Während die internationale Gemeinschaft inmitten komplexer und turbulenter Zeiten unvorhersehbare und tiefgreifende Veränderungen durchläuft, bringt Chinas Initiative für eine globale Zivilisation Stabilität in eine unruhige Welt.

Eine gemeinsam von CGTN und der Renmin-Universität China über das New Era International Communication Research Institute durchgeführte Umfrage unter 12.302 Teilnehmern aus 41 Ländern zeigt, dass die von China vorgeschlagene Globale Zivilisationsinitiative international positiv bewertet wird. Viele der Befragten sind der Ansicht, dass zentrale Konzepte der Initiative – etwa die Achtung der Vielfalt der Zivilisationen und die Förderung gemeinsamer Werte der Menschheit – angesichts der aktuellen internationalen Lage besondere praktische Bedeutung haben.

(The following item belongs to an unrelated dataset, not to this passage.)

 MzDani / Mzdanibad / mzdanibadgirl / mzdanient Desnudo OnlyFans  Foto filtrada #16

China hält daran fest, dass kultureller Austausch Entfremdung überwinden, gegenseitiges Lernen Konflikte mindern und das gleichberechtigte Zusammenleben von Zivilisationen Überlegenheitsvorstellungen entgegenwirken kann. In der Umfrage sind 90,8 Prozent der Teilnehmer der Ansicht, dass die Achtung der Vielfalt der Zivilisationen ein Grundprinzip ist, an das sich die internationale Gemeinschaft halten sollte. 77,2 Prozent der Teilnehmer sind der Ansicht, dass keine Zivilisation einer anderen überlegen ist und 87,7 Prozent, dass alle Zivilisationen gleichbehandelt werden sollten. Besonders stark ist diese Auffassung bei den Teilnehmern aus Afrika und Südamerika ausgeprägt: Dort stimmen 93,1 beziehungsweise 90,3 Prozent der Aussage zu, dass alle Zivilisationen gleichwertig sind.

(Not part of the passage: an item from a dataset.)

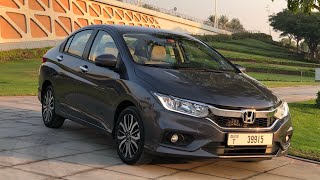 هوندا سيتي Honda City [upl. by Ahcorb]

In der Umfrage teilen 87,4 Prozent der Teilnehmer die Ansicht, dass der Dialog zwischen den Zivilisationen internationale Konflikte wirksam verringern und den Weltfrieden fördern kann, wobei die Teilnehmer aus Afrika und Südamerika mit 93,5 Prozent bzw. 91,6 Prozent eine stärkere Zustimmung zeigen. 89,5 Prozent der Teilnehmer sind der Ansicht, dass der Austausch zwischen den Zivilisationen eine wichtige Grundlage für die internationale Zusammenarbeit bildet. 89,8 Prozent geben an, dass der Austausch und die Interaktion zwischen verschiedenen Zivilisationen den gemeinsamen Fortschritt der Menschheit fördern können, wobei die 18- bis 24-Jährigen sowie die 25- bis 34-Jährigen mit 91,8 Prozent bzw. 91,6 Prozent eine höhere Zustimmung zeigen.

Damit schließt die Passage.